R also uses “lazy” evaluation, which means that an argument is evaluated only when it is needed. For example, we can create a function with two arguments, one of which is not used, because the first argument is matched positionally. The following example illustrates. No error is produced, because the 10 matched x positionally. Note that supplying a value for y makes no difference, either, as it is not needed by the function. Our function does not set a default for x, so there can be some damaged ways to call the function. Note that in the last call to our function, we explicitly name x in the ‘wrong’ position. These examples, of course, are not meant to encourage bad programming practice but simply to illustrate the way R works. We will hope to produce effective and efficient functions rather than ones that capitalize on R’s quirks:

> myFun <- function (x,y) {
+   print (x ^2)
+ }
> myFun (10)
[1] 100
> myFun (10 ,20)
[1] 100
> myFun(,10)
Error in print(x^2) : argument "x" is missing, with no default
> myFun(20,x=10)
[1] 100

5.4 Some Example Functions

In the following sections, I will show you a couple of examples of functions that I have written just for fun. The first is a function like the BMI function that we used earlier that queries for user input using the readline function, making the function interactive. As with the BMI function, it does not require arguments. The second is one that requires arguments, and we will examine in more detail how the arguments are evaluated.

5.4.1 Guess the Number

Here’s a problem similar to one used in many programming classes and books. The computer “thinks” of a number, and the user guesses until he or she either gets the number right, or runs out of tries. Although R may not be the best language for writing such a function, it is possible, and we can see at work in the function many of the things we have talked about. We will use the uniform distribution to pick a number between 1 and 100, and then let the user determine how many guesses he or she wants. The function has no arguments, instead querying the user for a new guess if the number is either too high or too low. If the person guess the number, R reports that fact and tells the user how many tries it took. If the person does not guess the number, R tells the user he or she is out of tries and then reveals the number it was ”thinking” about. We use the while loop rather than the for loop, because in this case we are not iterating through a vector, per se. It would of course be possible to rewrite this with a for loop based on the number of attempts.
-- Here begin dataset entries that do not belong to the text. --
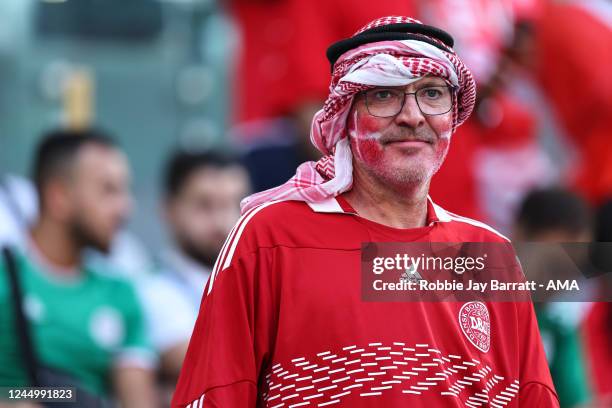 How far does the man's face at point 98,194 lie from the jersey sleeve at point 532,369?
258 centimetres

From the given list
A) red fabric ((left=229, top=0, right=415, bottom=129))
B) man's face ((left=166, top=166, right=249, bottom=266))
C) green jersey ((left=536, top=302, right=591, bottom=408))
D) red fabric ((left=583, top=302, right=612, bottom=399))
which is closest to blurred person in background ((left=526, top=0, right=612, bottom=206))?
red fabric ((left=229, top=0, right=415, bottom=129))

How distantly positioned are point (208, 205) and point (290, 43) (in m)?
0.86

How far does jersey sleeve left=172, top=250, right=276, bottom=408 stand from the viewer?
128 inches

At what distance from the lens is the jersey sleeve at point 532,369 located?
11.5ft

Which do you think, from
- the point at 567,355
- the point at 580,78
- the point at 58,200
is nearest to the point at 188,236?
the point at 58,200

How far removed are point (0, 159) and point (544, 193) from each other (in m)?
3.29

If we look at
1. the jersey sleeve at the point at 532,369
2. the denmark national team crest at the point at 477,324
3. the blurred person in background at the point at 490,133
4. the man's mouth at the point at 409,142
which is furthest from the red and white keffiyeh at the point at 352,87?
the blurred person in background at the point at 490,133

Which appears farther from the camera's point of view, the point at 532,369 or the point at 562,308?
the point at 562,308

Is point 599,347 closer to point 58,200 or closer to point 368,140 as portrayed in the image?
point 58,200

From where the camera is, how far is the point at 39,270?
532 cm

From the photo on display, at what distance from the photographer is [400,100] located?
3393 millimetres

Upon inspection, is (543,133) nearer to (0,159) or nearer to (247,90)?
(247,90)

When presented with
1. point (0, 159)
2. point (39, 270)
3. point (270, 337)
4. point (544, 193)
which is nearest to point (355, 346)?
point (270, 337)

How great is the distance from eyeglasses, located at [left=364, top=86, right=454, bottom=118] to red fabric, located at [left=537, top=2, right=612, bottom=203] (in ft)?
12.9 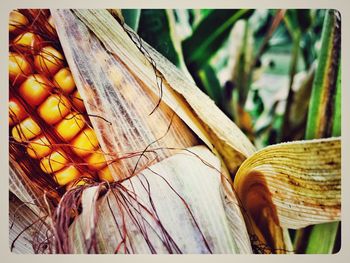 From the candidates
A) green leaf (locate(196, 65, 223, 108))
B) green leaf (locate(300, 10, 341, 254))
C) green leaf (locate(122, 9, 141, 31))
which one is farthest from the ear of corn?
green leaf (locate(300, 10, 341, 254))

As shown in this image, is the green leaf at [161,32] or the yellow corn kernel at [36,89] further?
the green leaf at [161,32]

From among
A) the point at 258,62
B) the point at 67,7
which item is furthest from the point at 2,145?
the point at 258,62

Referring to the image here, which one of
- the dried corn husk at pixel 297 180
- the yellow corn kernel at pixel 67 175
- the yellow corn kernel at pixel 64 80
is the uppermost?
the yellow corn kernel at pixel 64 80

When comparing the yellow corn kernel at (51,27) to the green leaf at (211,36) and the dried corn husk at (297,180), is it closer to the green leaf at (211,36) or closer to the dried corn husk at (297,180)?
the green leaf at (211,36)

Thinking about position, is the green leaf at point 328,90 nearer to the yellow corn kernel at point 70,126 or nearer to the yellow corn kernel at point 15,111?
the yellow corn kernel at point 70,126

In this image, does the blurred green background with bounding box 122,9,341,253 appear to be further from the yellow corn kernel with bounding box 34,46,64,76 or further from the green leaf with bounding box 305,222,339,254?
the yellow corn kernel with bounding box 34,46,64,76

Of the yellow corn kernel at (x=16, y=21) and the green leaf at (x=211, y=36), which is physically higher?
the yellow corn kernel at (x=16, y=21)

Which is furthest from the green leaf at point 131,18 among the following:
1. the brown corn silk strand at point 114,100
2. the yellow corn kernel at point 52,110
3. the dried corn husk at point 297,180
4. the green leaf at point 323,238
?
the green leaf at point 323,238

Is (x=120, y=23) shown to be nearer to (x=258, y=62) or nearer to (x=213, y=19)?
(x=213, y=19)

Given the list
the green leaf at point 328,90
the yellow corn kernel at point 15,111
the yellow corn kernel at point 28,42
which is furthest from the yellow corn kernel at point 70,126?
the green leaf at point 328,90
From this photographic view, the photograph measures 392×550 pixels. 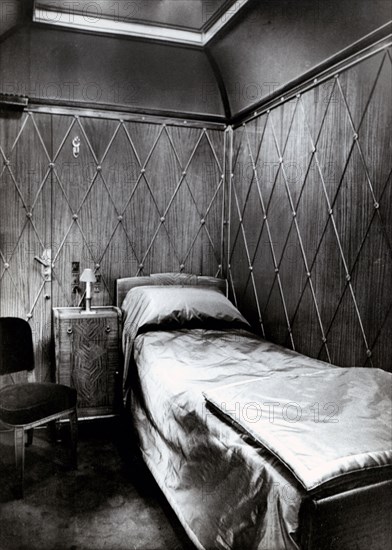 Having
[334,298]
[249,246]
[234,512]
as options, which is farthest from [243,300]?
[234,512]

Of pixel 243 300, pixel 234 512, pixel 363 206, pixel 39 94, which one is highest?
pixel 39 94

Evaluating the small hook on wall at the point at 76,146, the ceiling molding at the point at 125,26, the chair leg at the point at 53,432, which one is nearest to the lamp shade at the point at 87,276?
the small hook on wall at the point at 76,146

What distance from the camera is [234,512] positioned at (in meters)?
1.71

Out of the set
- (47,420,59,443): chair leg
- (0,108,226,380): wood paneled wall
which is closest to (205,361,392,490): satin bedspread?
(47,420,59,443): chair leg

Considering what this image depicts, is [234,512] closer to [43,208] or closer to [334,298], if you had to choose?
[334,298]

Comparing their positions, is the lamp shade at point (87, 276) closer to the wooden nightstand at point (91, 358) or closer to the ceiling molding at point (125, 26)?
the wooden nightstand at point (91, 358)

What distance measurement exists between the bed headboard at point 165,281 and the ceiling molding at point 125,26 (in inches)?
73.3

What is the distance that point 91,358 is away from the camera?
348cm

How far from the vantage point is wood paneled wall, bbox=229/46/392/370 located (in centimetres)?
252

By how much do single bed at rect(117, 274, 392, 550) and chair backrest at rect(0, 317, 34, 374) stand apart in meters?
0.70

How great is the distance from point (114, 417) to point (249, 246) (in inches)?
67.2

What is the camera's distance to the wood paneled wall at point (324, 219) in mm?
2523

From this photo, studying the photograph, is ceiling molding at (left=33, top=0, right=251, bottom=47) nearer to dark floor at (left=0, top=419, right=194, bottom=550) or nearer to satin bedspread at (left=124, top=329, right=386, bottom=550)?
satin bedspread at (left=124, top=329, right=386, bottom=550)

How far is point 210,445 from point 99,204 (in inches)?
97.9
Note that the break statements halt the execution of the while loop when the person either guesses the number correctly or runs out of turns:

guessIt <- function(){
cat ("I am thinking of a number between 1 and 100"," ")
computerPicks <- as.integer(round(runif(1,1,100),0))
attempts <- as.integer(readline("How many guesses do you want? "))
count = 0
while (count < attempts){
count <- count + 1
  userGuess <- as.integer(readline("Enter your guess: "))
  if (count == attempts && userGuess != computerPicks) {
    cat("Sorry, out of tries. My number was ",computerPicks," ")
    break
    }
  if (userGuess == computerPicks) {
    cat("You got it in ", count, "tries."," ")
   break
   }
  if (userGuess < computerPicks ) {
    cat("Your guess is too low."," ")
    }
  if (userGuess > computerPicks){
    cat ("Your guess is too high."," ")
    }
  }
}

Here’s one of my attempts at guessing the correct number. I used the “splitting the difference” strategy, but there’s a bit of luck involved as well. You can adjust the function in various ways to make it more interesting, for example by letting the user pick the lower and upper bounds. I set the counter to zero initially so that when R increments it, I get the correct number for the number of tries:

> guessIt ()
I am thinking of a number between 1 and 100
How many guesses do you want? 7
Enter your guess: 50
Your guess is too high.
Enter your guess: 25
Your guess is too high.
Enter your guess: 13
Your guess is too low.
Enter your guess: 17
Your guess is too low.
Enter your guess: 22
You got it in 5 tries.

5.4.2 A Function with Arguments

Many students learn the general quadratic formula in their algebra classes. Compared to other approaches to solving quadratic equations, the general formula has the advantage that it always works. As a reminder, here is the general quadratic formula:

Eqn5-1.jpg

The discriminant of a quadratic equation is the expression under the radical. If the discriminant is positive, the equation will have two real roots. If the discriminant is zero, the equation will have one (repeated) real root, and if the discriminant is negative, the equation will have two complex roots. Assume that we are interested only in real roots. Let’s write a function to find the real root(s) of a quadratic equation. We will then test the function with different coefficients for a, b, and c to make sure that it works correctly:

> # function for finding the real root(s) of a quadratic equation
> quadratic <- function (a, b, c) {
+   discrim <- b^2 - 4*a*c
+   cat("The discriminant is: ", discrim, " ")
+   if(discrim < 0){
+     cat("There are no real roots. "," ")}else {
+   root1 <- (-b+ sqrt ( discrim )) / (2*a)
+   root2 <- (-b- sqrt ( discrim )) / (2*a)
+   cat("root1: ",  root1,   " ")
+   cat("root2: ",  root2,   " ")
+     }
+ }
> quadratic (2, -1, -8)
The discriminant is: 65
root1:  2.265564
root2:  -1.765564
> quadratic (1, -2, 1)
The discriminant is: 0
root1:  1
root2:  1
> quadratic (3, 2, 1)
The discriminant is: -8There are no real roots.

5.5 Classes and Methods

R supports various classes and methods. In particular, there are now three object-oriented systems that work in R: the S3 class, the S4 class, and the newer Reference Classes, called refclasses (previously talked about as R5 and also R6, an R package that implements simplified reference classes), which do not depend on S4 classes and the methods package. In this book, we will focus on some examples of S3 classes and methods. S4 classes and refclasses are more formal and typically only make sense in the context of larger programming projects, such as when developing an R package.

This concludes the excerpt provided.